Литмир - Электронная Библиотека
Содержание  
A
A

Карьера бедного пастуха Жана Пелисье замыкается и вновь сталкивает его с различными семьями деревни. Биография Пьера Мори, напротив, открыта для далеких странствий, приключений, мимолетных любовных связей и прежде всего — дружбы. Она заслуживает некоторой детализации: судьба этого персонажа накладывается на дальние сезонные перегоны, являющиеся основанием пиренейской экономики в рассматриваемый период[144].

Пьер Мори, добрый пастырь

Пьер Мори, родившийся около 1282—1283 годов, — сын Раймона Мори, ткача из Монтайю, и его жены Алазайсы. Дом Мори был классическим domus, подобным многим другим в деревне. У Раймона и Алазайсы было шестеро сыновей, названных Гийомом, Пьером, Жаном, Арно, Раймоном и Бернаром, к которым нужно добавить по меньшей мере двух дочерей: Гийеметту, неудачно вышедшую замуж за плотника из Ларок д’Ольмеса Бертрана Пикье, и Раймонду, которая выйдет за Гийома Марти из Монтайю. Обе упорхнут из дома в возрасте восемнадцати лет, если не раньше.

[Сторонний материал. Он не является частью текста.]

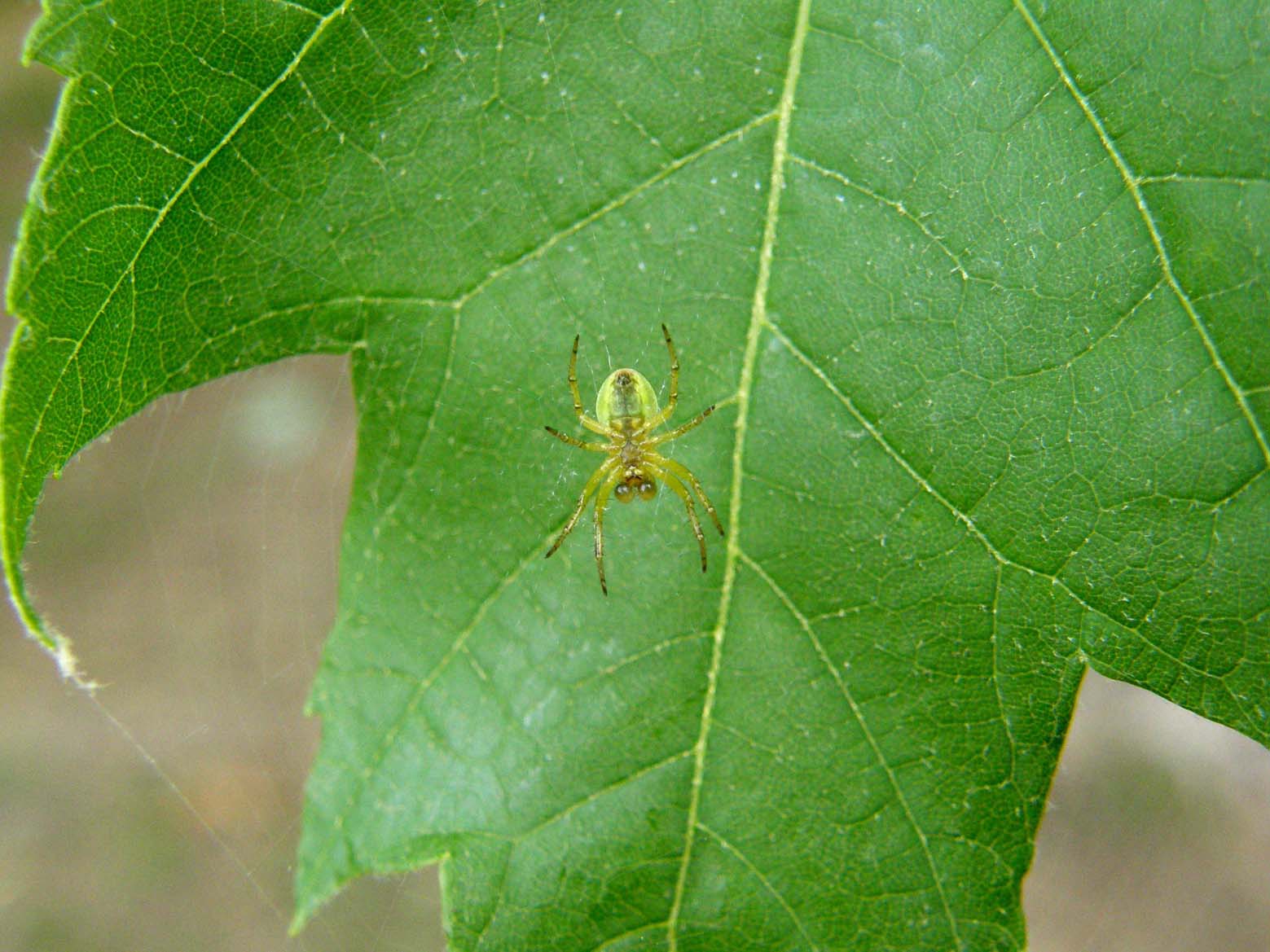 Araniella sp.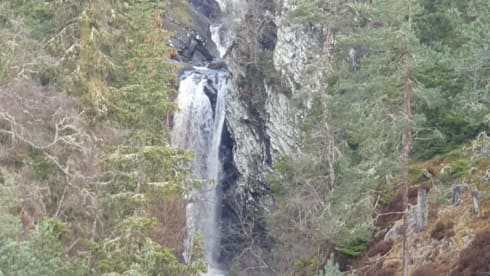 Daisy  – 4 berth Dethleffs semi-integrated from 2018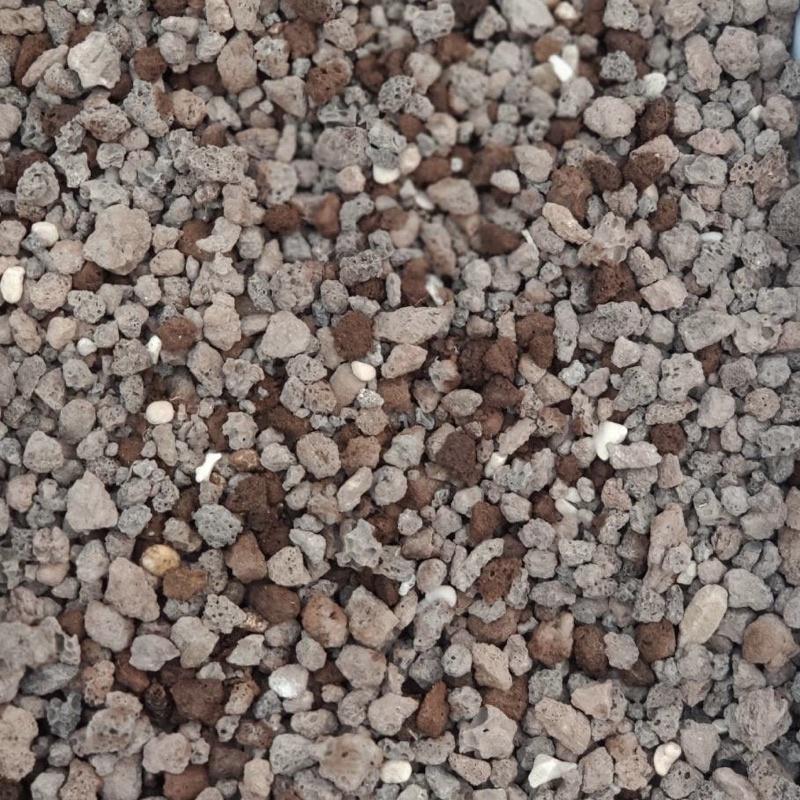 現貨【滿額免運】 紅火山石 1公升 鋪面介質 多肉 仙人掌 塊根 【外星人的植物園】-細節圖2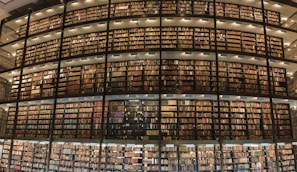 A large library with multiple stories of bookshelves filled with a vast collection of books. The shelves are arranged in a curved, floor-to-ceiling design and are accessible through a series of walkways and stairs. The lighting is warm, illuminating the books and creating a cozy atmosphere.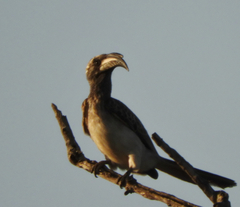 Lophoceros nasutus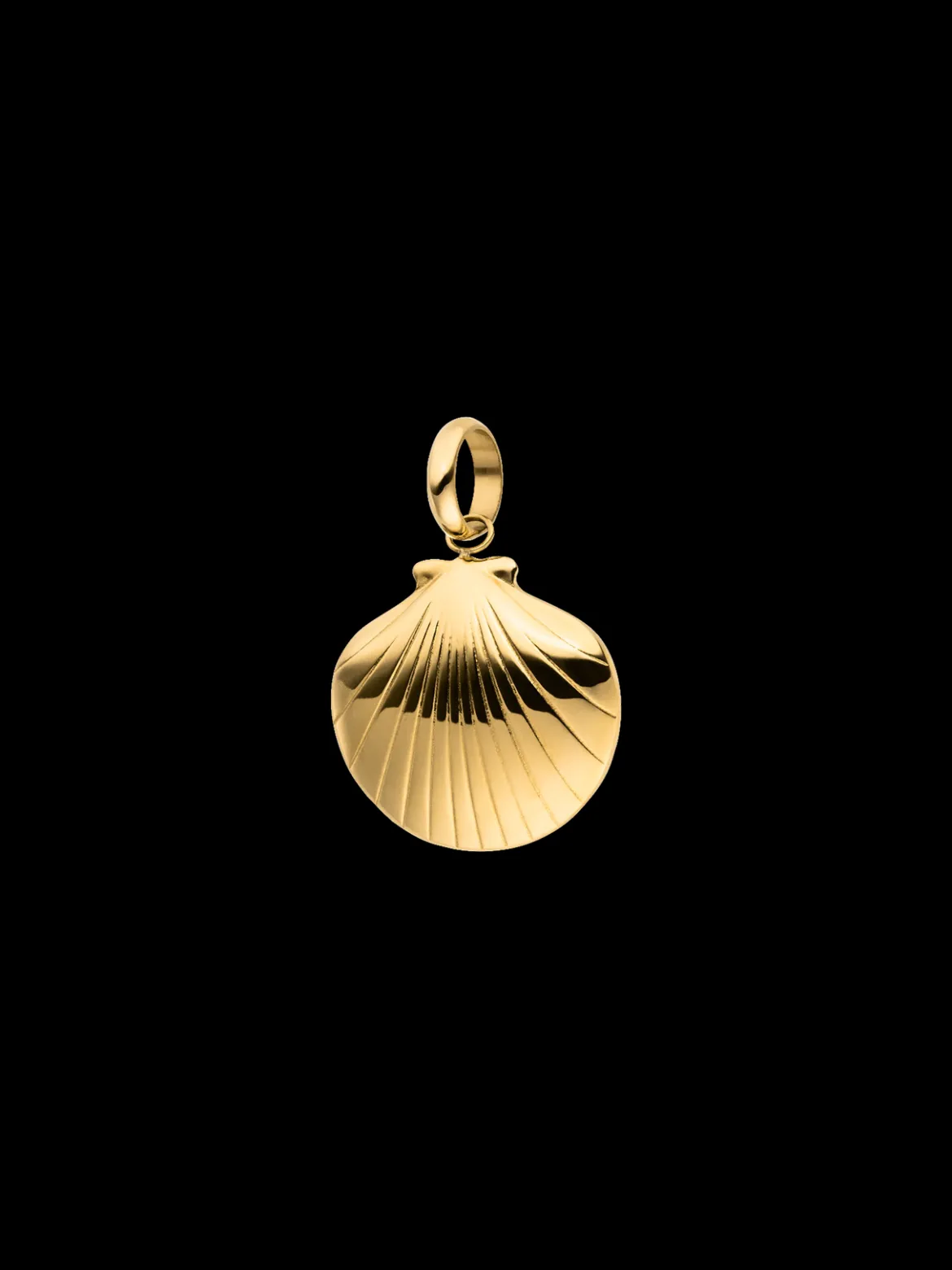Seashell Charm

В Монтайю, как и в других местах, наши источники полны мужского шовинизма... и шовинизма взрослых: они забывают упоминать о существовании некоторых дочерей, о наличии младенцев или о детях, умерших в раннем возрасте. Поэтому восемь детей в доме Мори стоит рассматривать скорее как минимум их возможного числа. Несмотря на свое занятие, теоретически не связанное с сельским хозяйством, ткач Раймон Мори, как и его семья, вел образ жизни, сочетавший разведение овец, земледелие и ремесло. В возрасте восемнадцати лет Пьер Мори — лишь один из пастухов Монтайю. Его брат Гийом Мори становится дровосеком. Двадцать три года назад, — рассказывает Пьер Мори в своем заявлении 1324 года, — я пас овец Арно Форе из Монтайю да Раймона Молена из Арка на земле Монтайю. Мой брат Гийом Мори и Гийом Бело из Монтайю, теперь уж покойные, ходили в лес Оза заготовлять бардо[145]. В этот период Пьер Мори впервые вступает в контакт с ересью благодаря своему брату, Гийому, и клану Бело, постоянно играющему решающую роль в распространении в деревне катарства. Эти контакты принимают форму своего рода проповеди, полуевангельской, полукантианской{106}, прочитанной Пьеру двумя дровосеками. Гийом Бело и Гийом Мори, — продолжает Пьер, — пришли ко мне и сказали:

— Добрые христиане пришли в наши края; они держатся того пути, которым шли святой Петр, святой Павел и другие апостолы; они следуют Господу; они не лгут; они не делают другому того, что они не хотели бы, чтобы другой сделал им.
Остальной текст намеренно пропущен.